はだか麦、手すきろ過、こだわりの麦焼酎「小野屋」

年間の生産量50石(一升瓶で5,000本)の超限定生産、こだわりの麦焼酎「麦焼酎 手掬き濾過 小野屋(てすきろか おのや)」。非常に手間暇かけた麦焼酎なのです。

まず原料には、大分県産の「ハダカ麦」を100%使用し、昔ながらの常圧蒸留で旨味タップリに蒸留した後、その原酒を低温に下げ、上澄みに浮いたフーゼル油(うまみ成分。焼酎は水とアルコールとこの油からできているんです。)を丹念にひしゃくですくい、布でこし、手掬き濾過を行うのです。これにより、原料であるハダカ麦の香ばしい香りと、まろやかで濃厚な味わいがしっかりと残るのです。

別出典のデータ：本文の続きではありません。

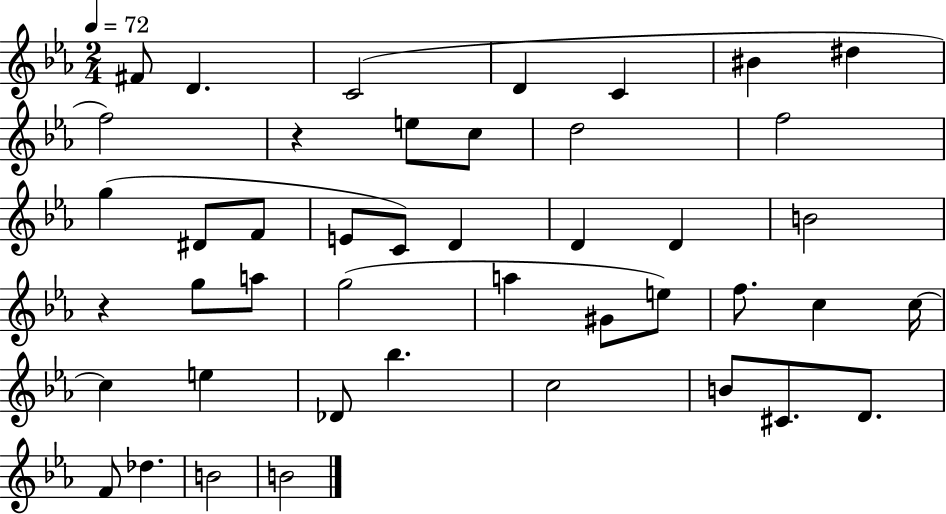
F#4/e D4/q. C4/h D4/q C4/q BIS4/q D#5/q F5/h R/q E5/e C5/e D5/h F5/h G5/q D#4/e F4/e E4/e C4/e D4/q D4/q D4/q B4/h R/q G5/e A5/e G5/h A5/q G#4/e E5/e F5/e. C5/q C5/s C5/q E5/q Db4/e Bb5/q. C5/h B4/e C#4/e. D4/e. F4/e Db5/q. B4/h B4/h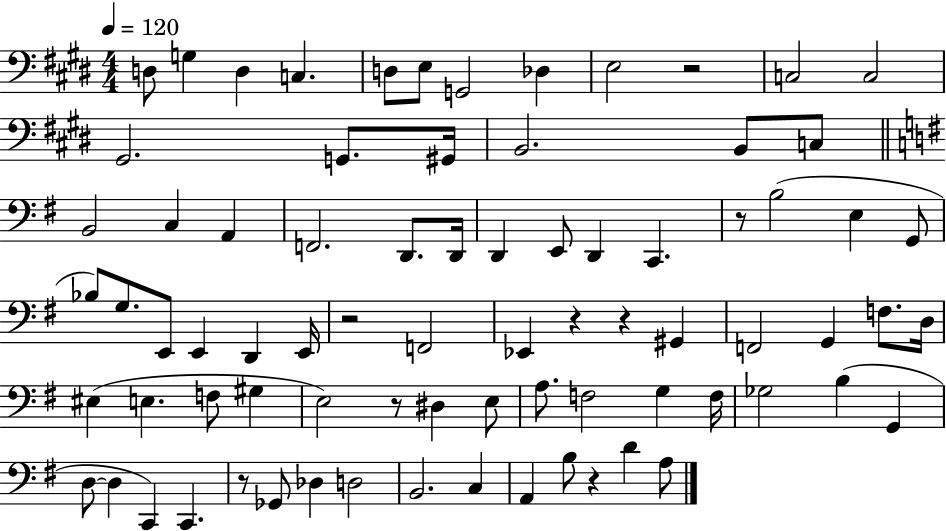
D3/e G3/q D3/q C3/q. D3/e E3/e G2/h Db3/q E3/h R/h C3/h C3/h G#2/h. G2/e. G#2/s B2/h. B2/e C3/e B2/h C3/q A2/q F2/h. D2/e. D2/s D2/q E2/e D2/q C2/q. R/e B3/h E3/q G2/e Bb3/e G3/e. E2/e E2/q D2/q E2/s R/h F2/h Eb2/q R/q R/q G#2/q F2/h G2/q F3/e. D3/s EIS3/q E3/q. F3/e G#3/q E3/h R/e D#3/q E3/e A3/e. F3/h G3/q F3/s Gb3/h B3/q G2/q D3/e D3/q C2/q C2/q. R/e Gb2/e Db3/q D3/h B2/h. C3/q A2/q B3/e R/q D4/q A3/e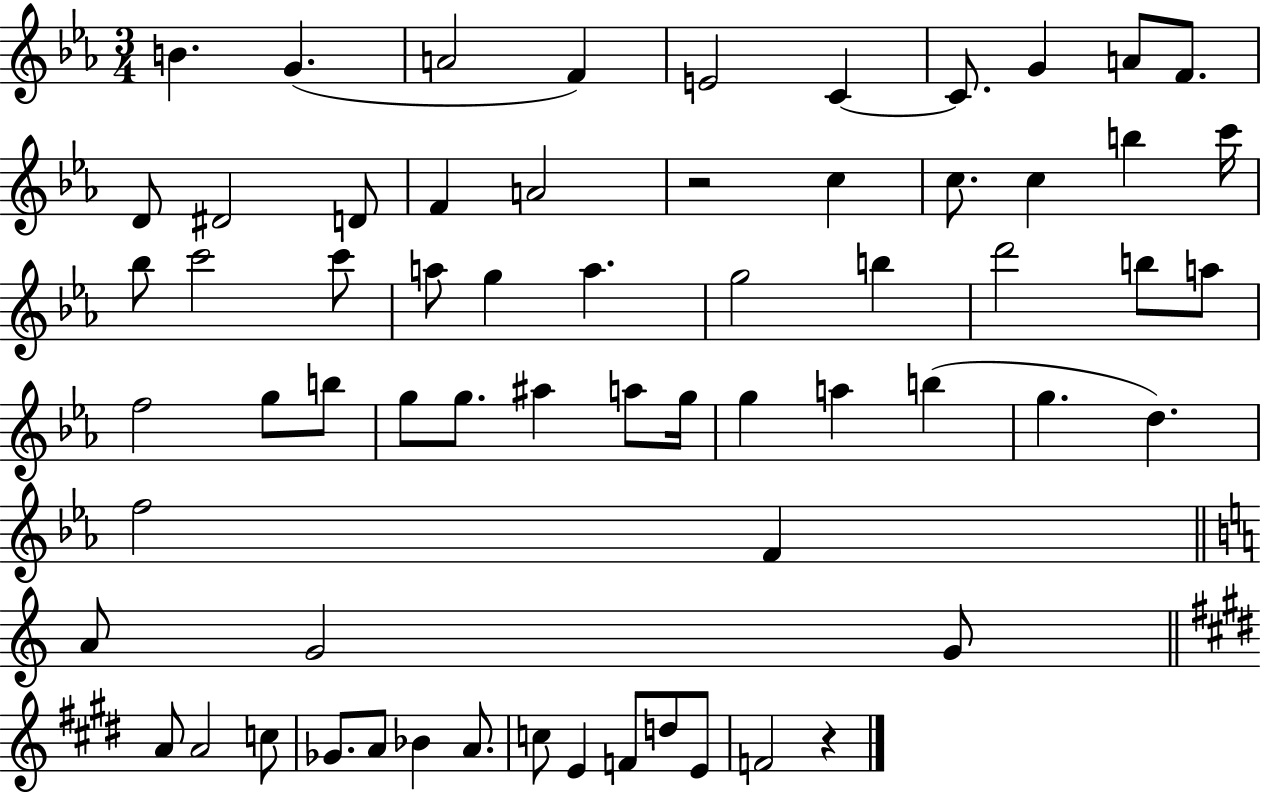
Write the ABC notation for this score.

X:1
T:Untitled
M:3/4
L:1/4
K:Eb
B G A2 F E2 C C/2 G A/2 F/2 D/2 ^D2 D/2 F A2 z2 c c/2 c b c'/4 _b/2 c'2 c'/2 a/2 g a g2 b d'2 b/2 a/2 f2 g/2 b/2 g/2 g/2 ^a a/2 g/4 g a b g d f2 F A/2 G2 G/2 A/2 A2 c/2 _G/2 A/2 _B A/2 c/2 E F/2 d/2 E/2 F2 z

この手掬き濾過は、毎朝一人きりでの手作業。原料にこだわり、手間暇かけて造られた焼酎なのです。

onoya

麦焼酎 手掬き濾過 小野屋(てすきろか おのや)25度 一升 3,480円

味わいは、ややフルーティーなニュアンスのある柔らかな味わいで、ハダカ麦焼酎の特徴である香ばしい味わいもあり、旨味が凝縮された深みのある味わいなのです。このハダカ麦を使った焼酎にプレミアム焼酎として有名な「兼八」がありますが、個人的には、この小野屋の方がバランスに優れている感じがするんですよね。

飲み方はロックや水割りも良いのですが、お湯割りがとっても美味!香ばしさと優しい甘みが引き立つんです!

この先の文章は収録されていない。